─── Supplied material

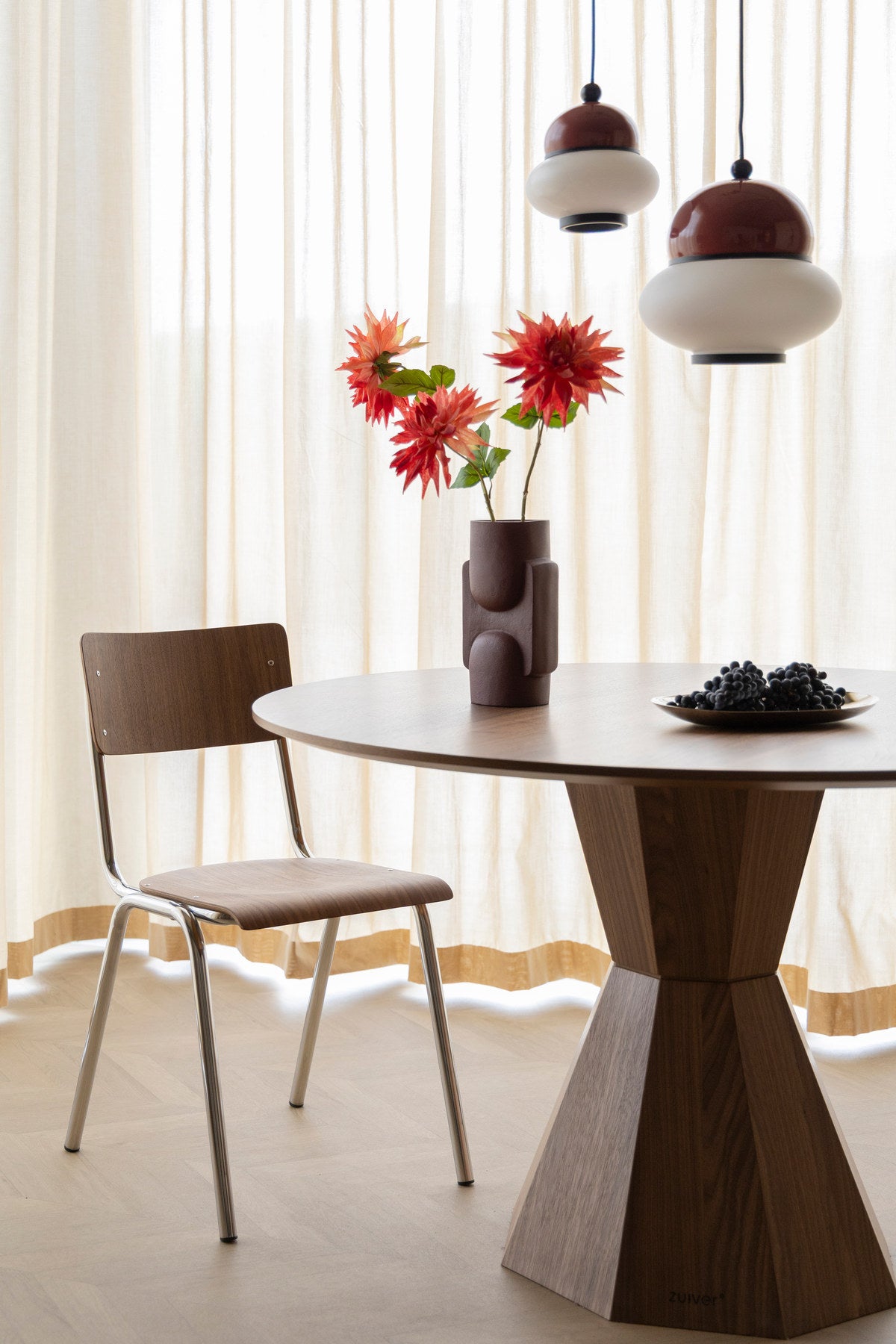Stuhl Chair Back To School Walnut/Chrome von Zuiver mit brauner Buchenholz-Sitzfläche und beigem Gestell, Multiplex-Holzkante sichtbar.
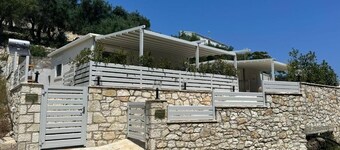 Rouli's Houses by All About Paxos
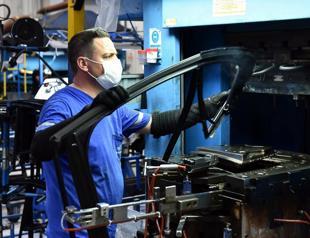 Manufacturing PMI rises but still in contraction territory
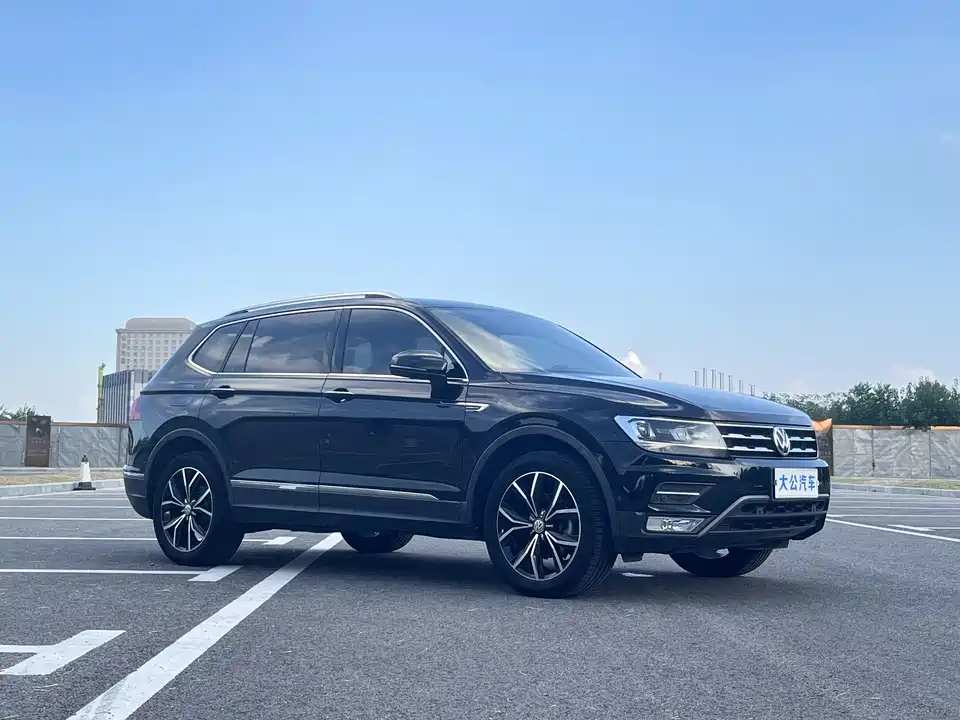Volkswagen Tiguan L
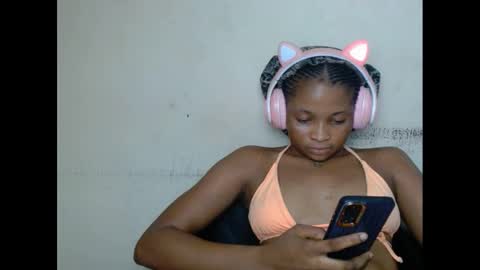 Snapshot of plumnjuicyx chatting on February 24, 2:37 pm plumnjuicyx online show from February 24, 2:37 pm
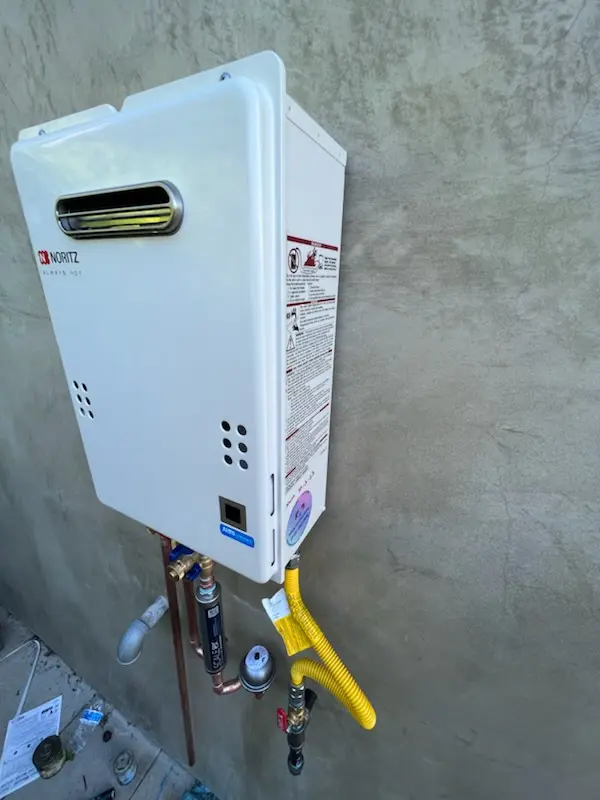 Tankless water heater installation for Elba homes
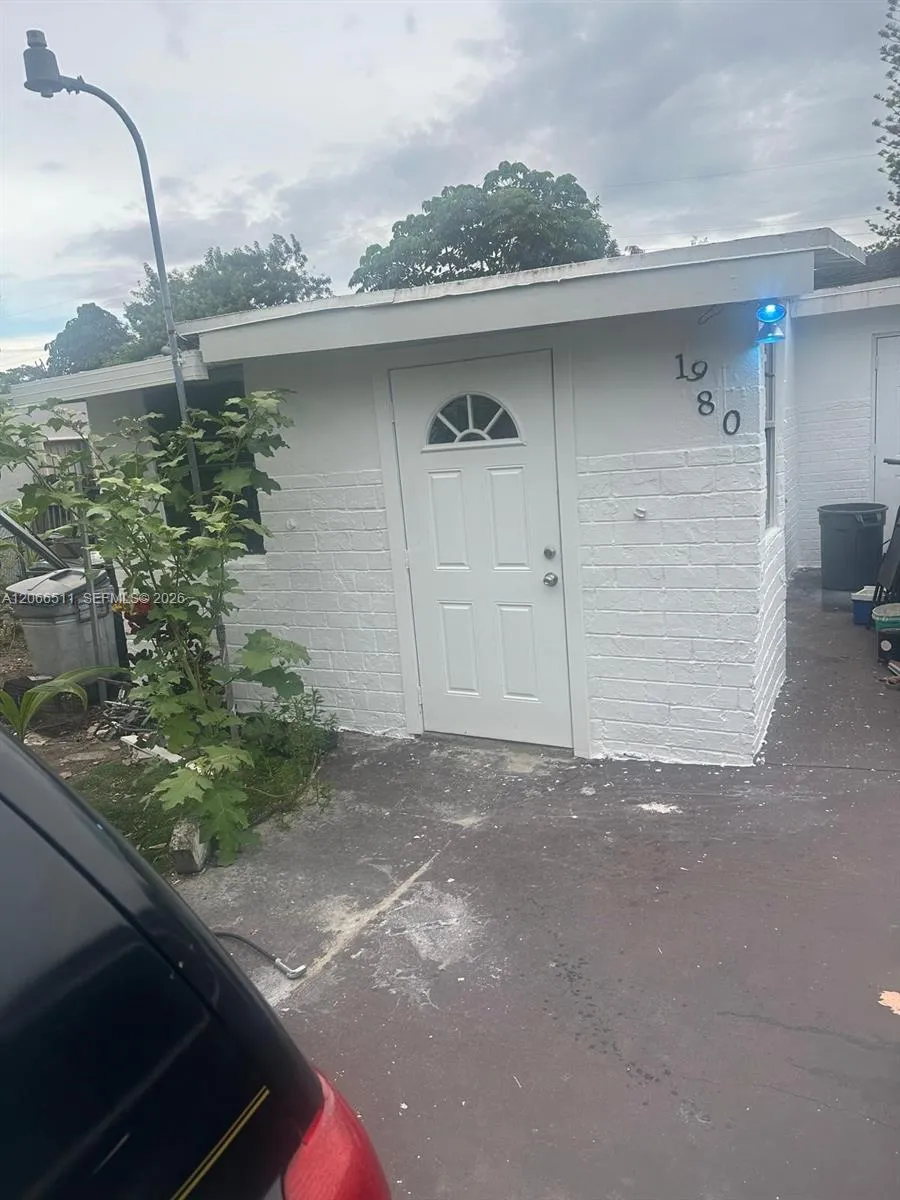 Foto de propiedad en 1980 Service Road, Opa-Locka, FL 33054 Opa-Locka con MLS# 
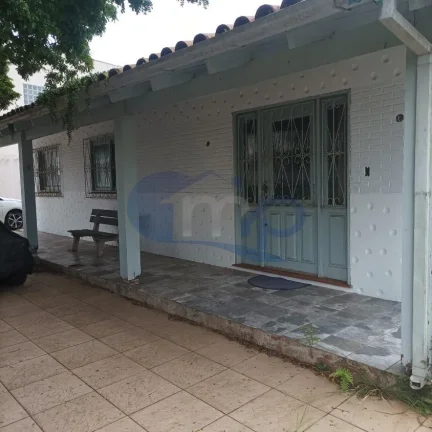 Imagem Casa a venda com 3 dormitorios no centro de Torres/RS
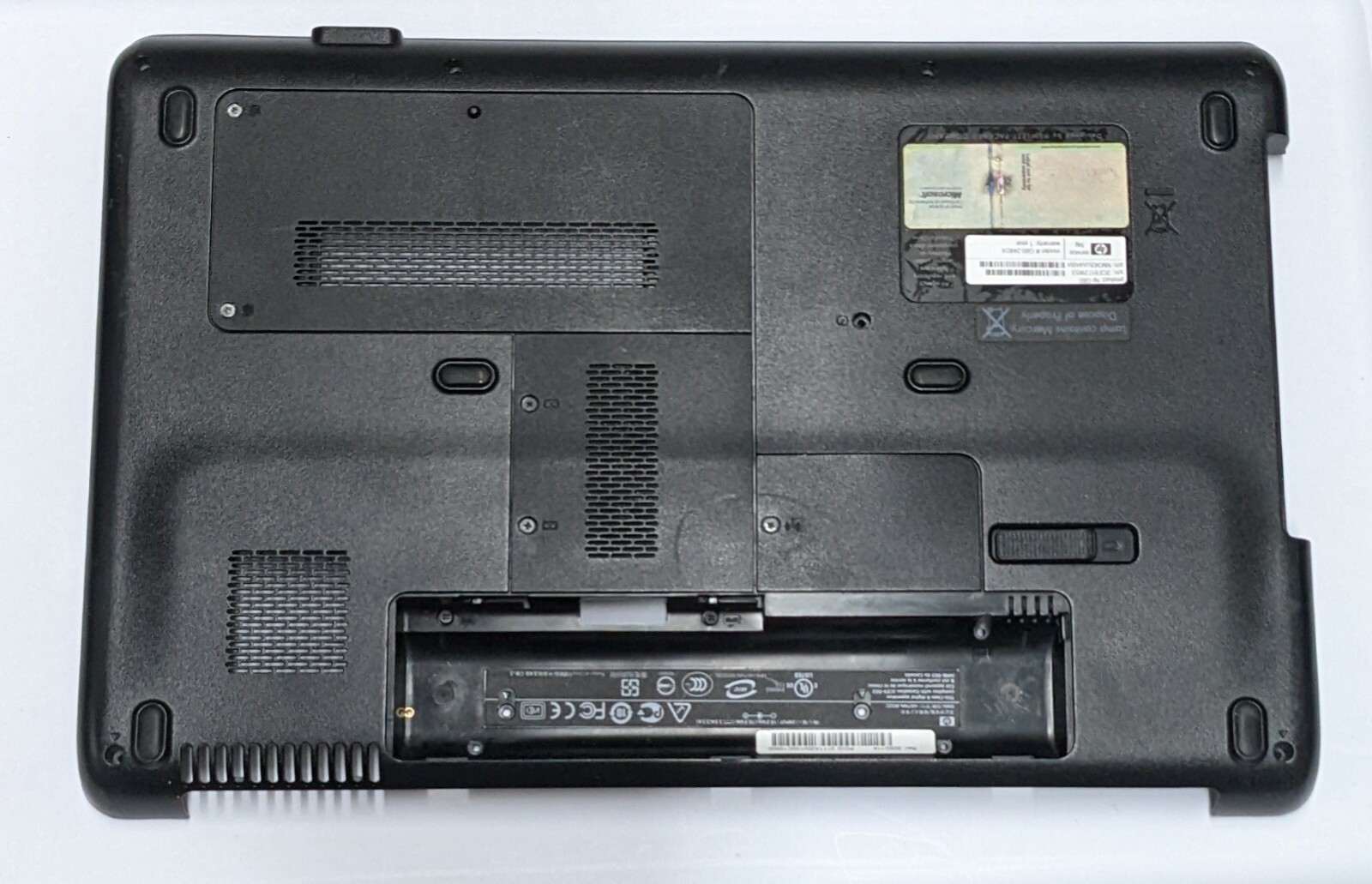 Original Complete Bottom Panel with for HP G60-244DX Laptop P/N: 496825-001
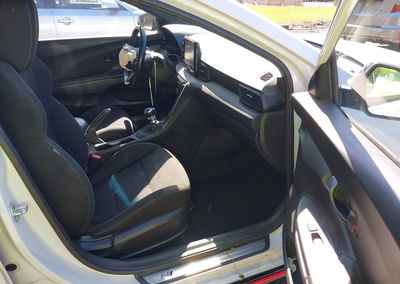 2020 Hyundai Veloster N, daño Frontal, Iaai lote 45132804, foto 5 de 16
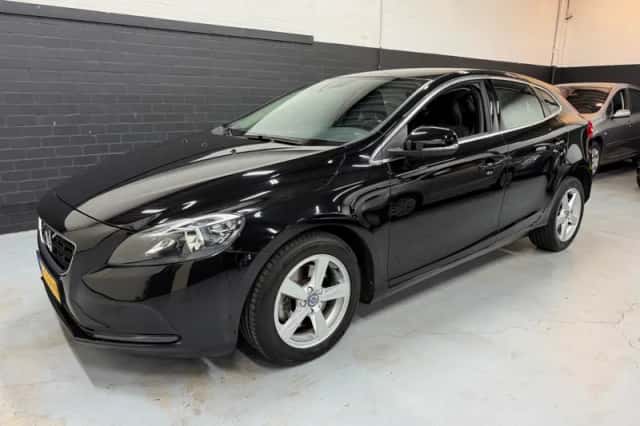 Volvo V40 (2015) thumbnail 1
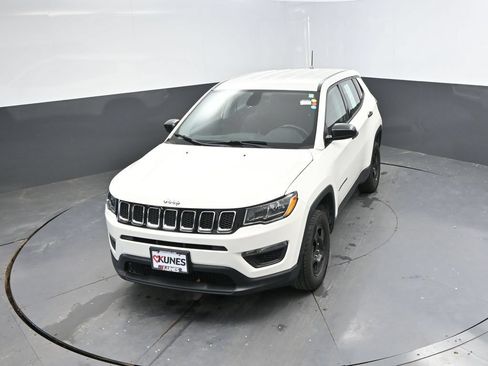 Used 2017 Jeep Compass Sport w/ Cold Weather Group AWD/4WD image 31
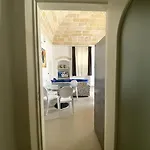 In شقة *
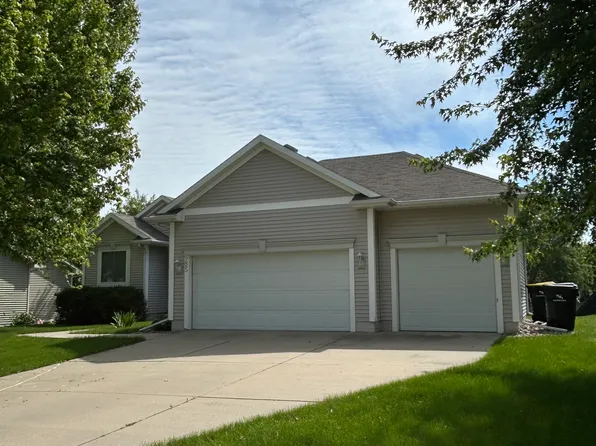 985 SE Bluegrass Cir, Waukee, IA 50263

──────

→ Task brief
Give the data again exactly, image-free.

→ Answer section
Stuhl Chair Back To School Walnut/Chrome von Zuiver mit brauner Buchenholz-Sitzfläche und beigem Gestell, Multiplex-Holzkante sichtbar.
 Rouli's Houses by All About Paxos
 Manufacturing PMI rises but still in contraction territory
Volkswagen Tiguan L
 Snapshot of plumnjuicyx chatting on February 24, 2:37 pm plumnjuicyx online show from February 24, 2:37 pm
 Tankless water heater installation for Elba homes
 Foto de propiedad en 1980 Service Road, Opa-Locka, FL 33054 Opa-Locka con MLS# 
 Imagem Casa a venda com 3 dormitorios no centro de Torres/RS
 Original Complete Bottom Panel with for HP G60-244DX Laptop P/N: 496825-001
 2020 Hyundai Veloster N, daño Frontal, Iaai lote 45132804, foto 5 de 16
 Volvo V40 (2015) thumbnail 1
 Used 2017 Jeep Compass Sport w/ Cold Weather Group AWD/4WD image 31
 In شقة *
 985 SE Bluegrass Cir, Waukee, IA 50263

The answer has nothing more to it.